• [Recorded data]:
=== Section Start ===

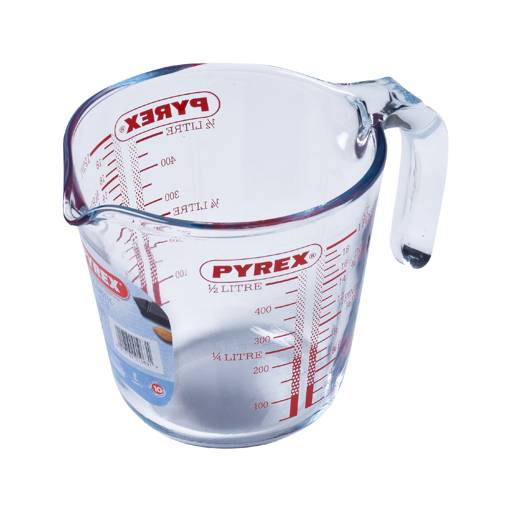 https://nowy.zarzadzanie-dajar.pl/media/catalog/product/3/6/36974-01.jpg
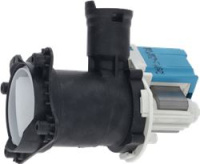 MOTORPUMP SYNCHRONOUS ADAPTIVE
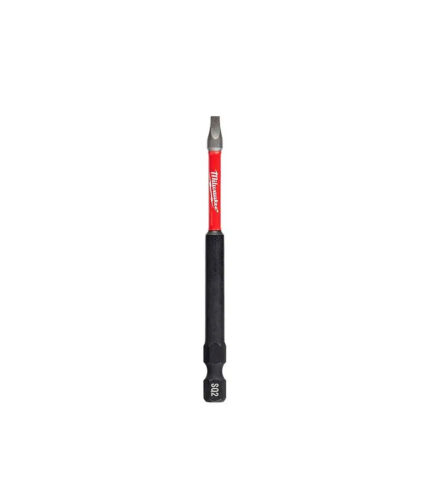 HC71296 - Punta Impacto #2 3-1/2 1/4 Milwaukee 48-32-4795 - MILWAUKEE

=== Section End ===

• [Requirement]: Only the pictures are to be dropped; the rest of the material above must be duplicated exactly.

• [Answer to the problem]:
 https://nowy.zarzadzanie-dajar.pl/media/catalog/product/3/6/36974-01.jpg
 MOTORPUMP SYNCHRONOUS ADAPTIVE
 HC71296 - Punta Impacto #2 3-1/2 1/4 Milwaukee 48-32-4795 - MILWAUKEE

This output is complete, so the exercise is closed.